Not to be misunderstood: There are well networks, where a link state can
be determined.
E.g.:
- Ethernet, Normal Link Pulse,
- ISDN, ATM, where we have a continuous bit flow,
- HSDPA, where we have a continuous symbol flow on the pilot channel in
downlink direction and responses from the mobile stations in uplink
direction.
In all these networks, we have continuous or short time periodic traffic
on the link and this traffic is reflected by responses in a quite well
known period of time. In addition, the behaviour of hello-response seems
does not depend on any specific traffic. In Ethernet or ATM, a link, our
a link outage respectively, is detected even when no traffic from upper
layers exist.
In some sense, this even holds true for HSDPA, when we define a HSDPA
link to be "down", when the base station does not receive CQI
indications any longer.
I'm not quite sure (to be honest: I don't really know) whether similar
mechanisms are available e.g. for Ad Hoc Networks.
Particularly as we well know of hidden terminal / hidden station
problems, where stations in a wireless network even see each other.
> You're right
> that outliers are common in wireless, which is why protocols to run
> over wireless need to be able to handle such things.
>
>
Exactly.
So, we come to an important turn in the discussion. It's not only the
question whether we can detect a link outage.
The question is: How do we deal with a link outage?
In wireline networks, link outages are supposed to be quite rare.
(Nevertheless, the consequences may be painful.)
In contrast to that, link outages are extremely common in MANETs.
Actually, we have to ask what the term "link" and the term "link outage"
or "disconnection" shall mean in MANETs.
For example, think of TCP. How does TCP deal with a link outage?
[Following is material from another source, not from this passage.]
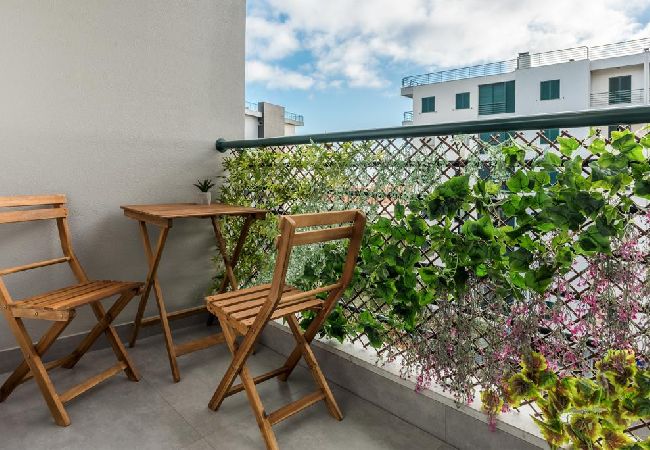 Apartment in Funchal - FLH Funchal Nature Flat with Balcony Apartment in Funchal - FLH Funchal Nature Flat with Balcony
Now, if this were a German mailing list and I came from Cologne, I would
write: "Es is wie es is und et kütt wie et kütt."
More internationally spoken: "Don't worry, be happy."
If the path is finally broken, the TCP flow is broken as well.
If there is an alternative path and the routing is adjusted by some
mechanism, the TCP flow will continue.
Of course, there may be packet loss. So, TCP will do packet retransmissions.
Of course, the path capacity may change. So, TCP will reassess the path
capacity. Either by slow start or by one or several 3 D ACK / fast
retransmit, fast recovery cycles.
Of course, the throughput may change. Thats the least problem of all,
because its automatically fixed by the ACK clocking mechanism.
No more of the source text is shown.